Data provided:
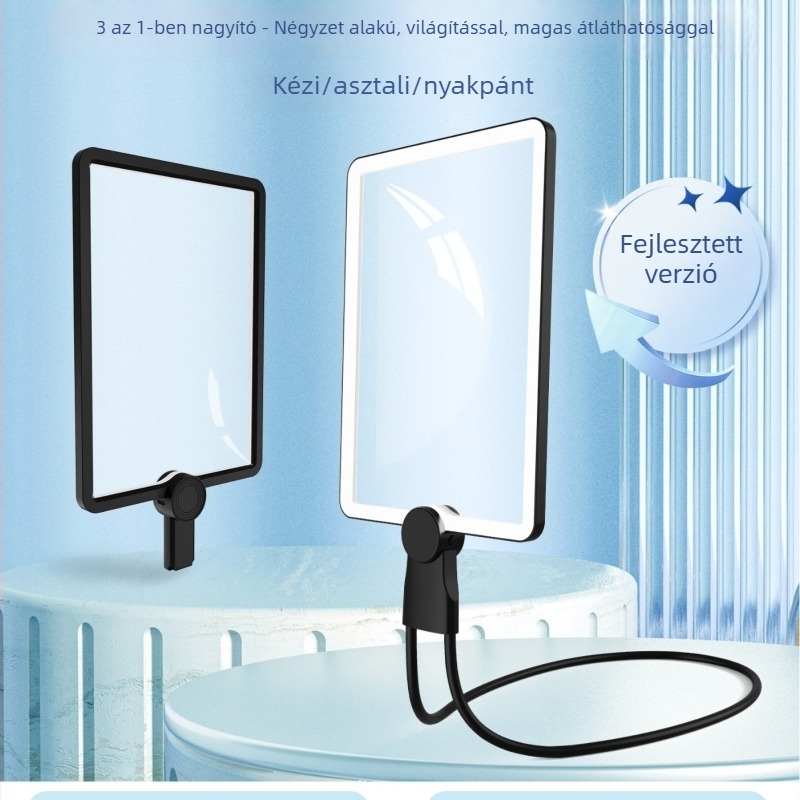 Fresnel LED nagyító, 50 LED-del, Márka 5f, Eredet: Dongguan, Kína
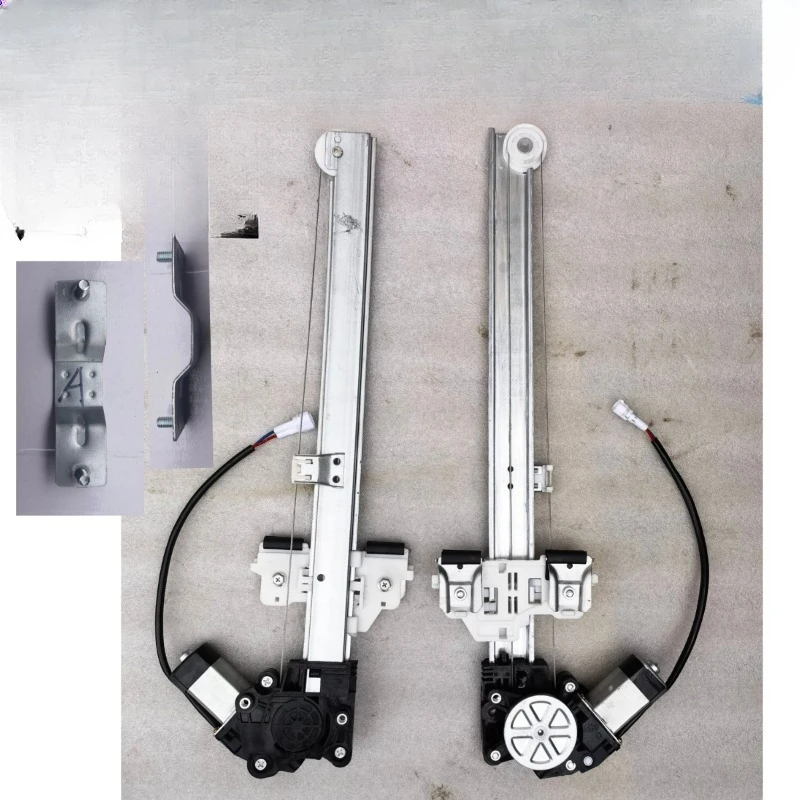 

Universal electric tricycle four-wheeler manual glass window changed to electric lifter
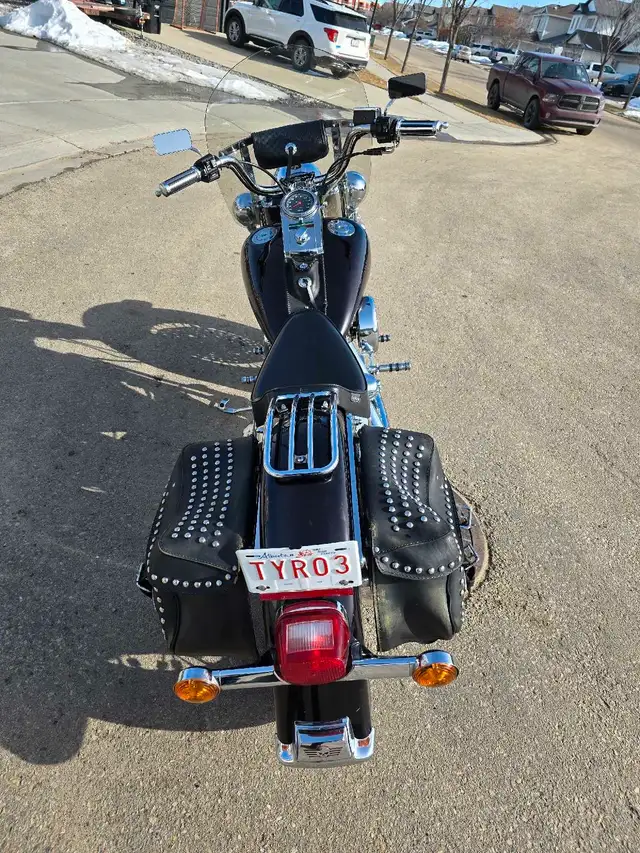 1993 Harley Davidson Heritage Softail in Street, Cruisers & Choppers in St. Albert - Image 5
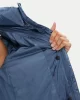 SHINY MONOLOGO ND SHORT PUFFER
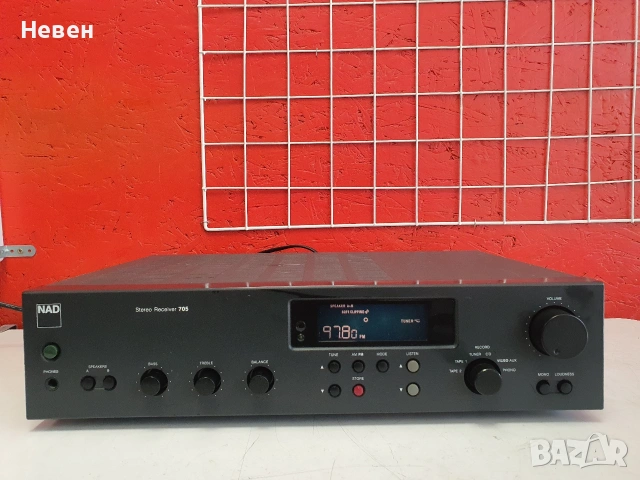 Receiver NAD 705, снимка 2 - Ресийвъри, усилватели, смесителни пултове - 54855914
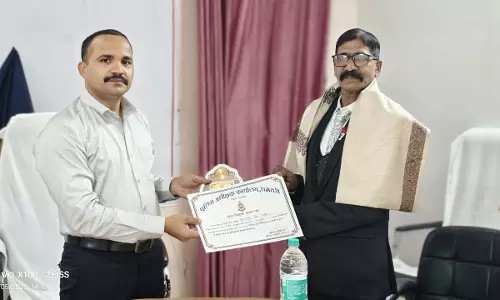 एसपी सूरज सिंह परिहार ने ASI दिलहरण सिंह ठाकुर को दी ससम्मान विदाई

...

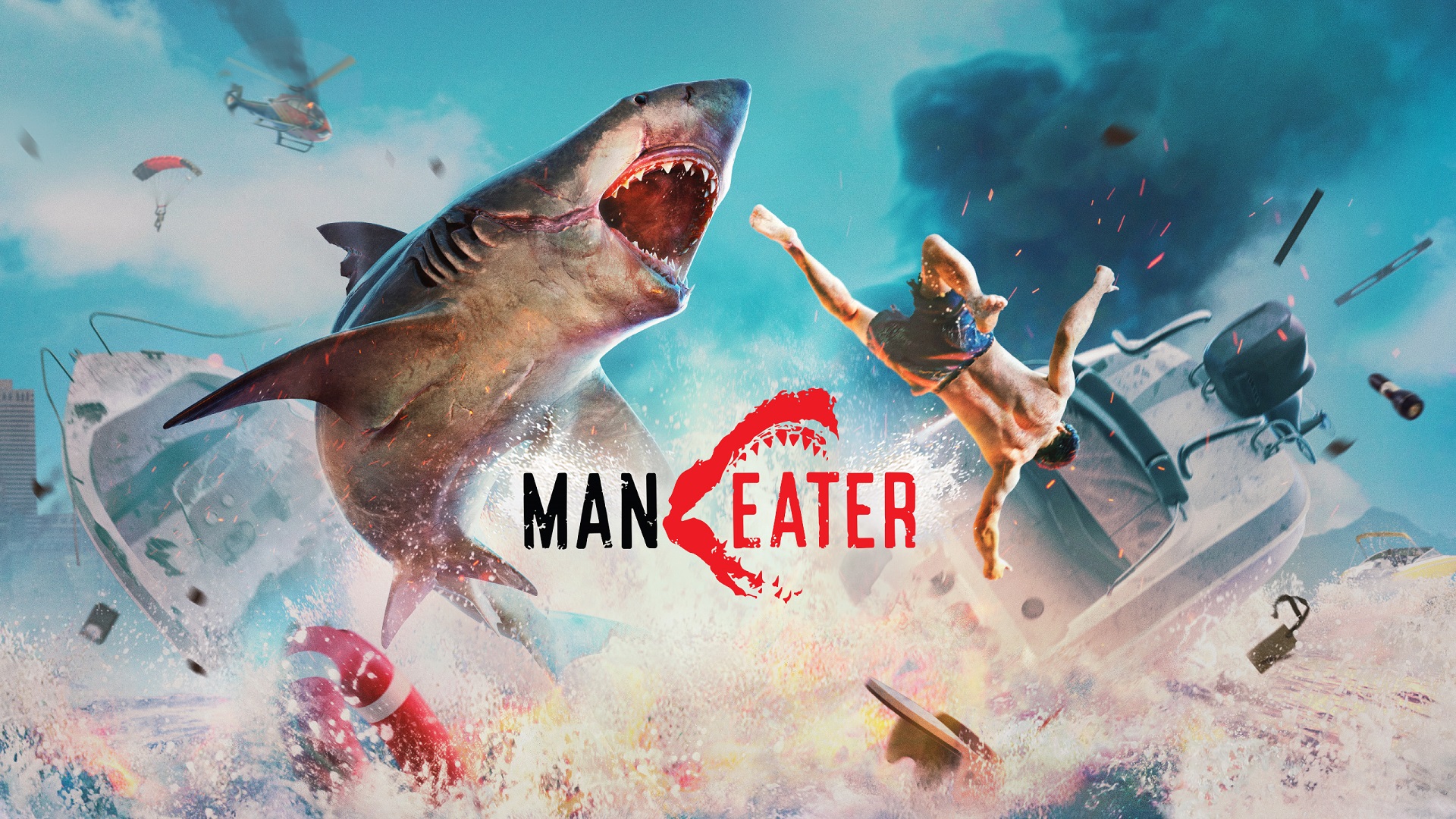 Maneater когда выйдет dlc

* * *

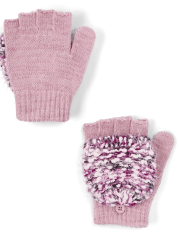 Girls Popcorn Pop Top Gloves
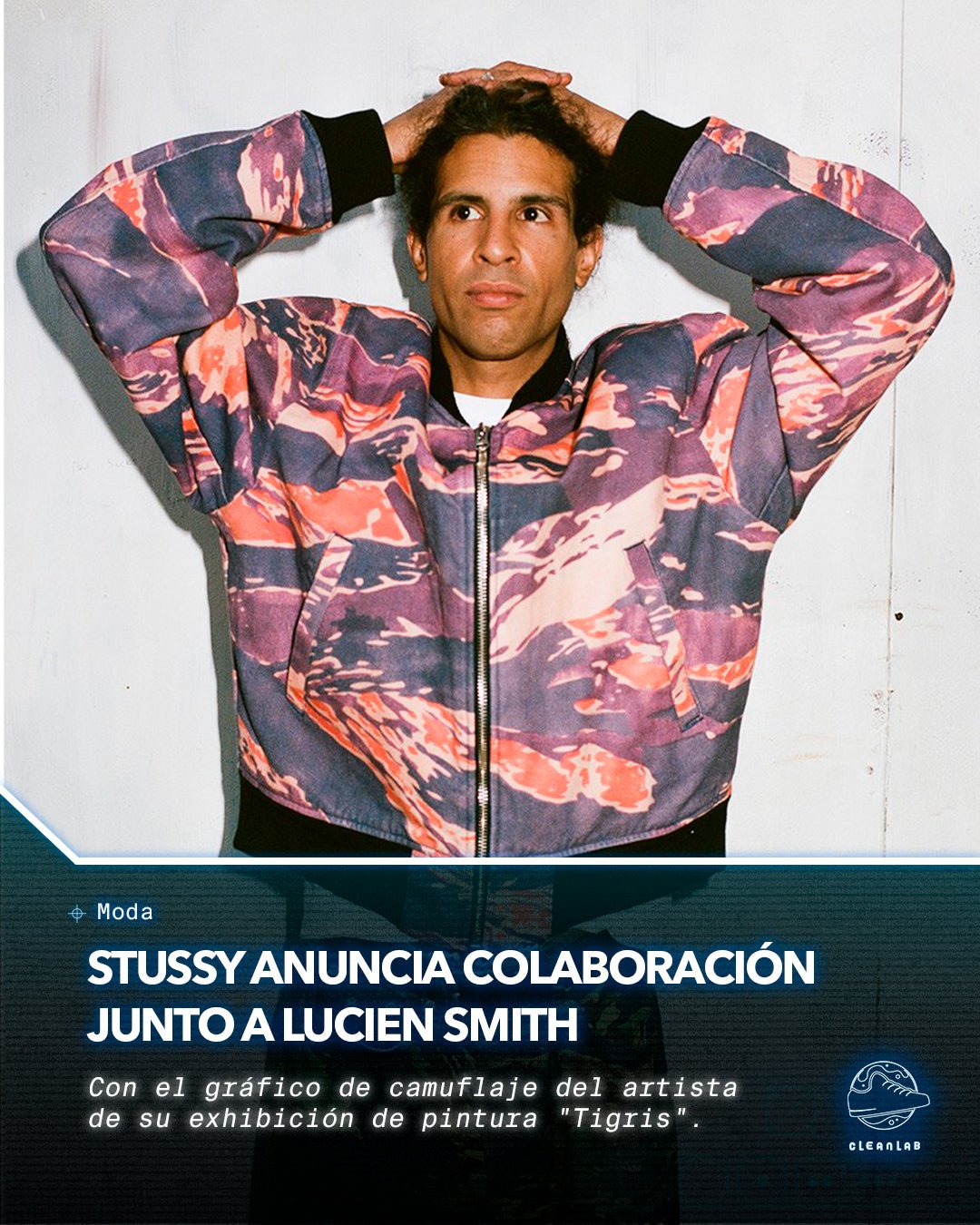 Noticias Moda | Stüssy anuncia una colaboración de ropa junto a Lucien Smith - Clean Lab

Exercise goal: Now transcribe the lines above exactly, starting at the line containing "Fresnel LED nagyító, 50" and ending at the line containing "एसपी सूरज सिंह", both lines included, pictures excluded.

Reply to the exercise:
 Fresnel LED nagyító, 50 LED-del, Márka 5f, Eredet: Dongguan, Kína

Universal electric tricycle four-wheeler manual glass window changed to electric lifter
 1993 Harley Davidson Heritage Softail in Street, Cruisers & Choppers in St. Albert - Image 5
 SHINY MONOLOGO ND SHORT PUFFER
 Receiver NAD 705, снимка 2 - Ресийвъри, усилватели, смесителни пултове - 54855914
 एसपी सूरज सिंह परिहार ने ASI दिलहरण सिंह ठाकुर को दी ससम्मान विदाई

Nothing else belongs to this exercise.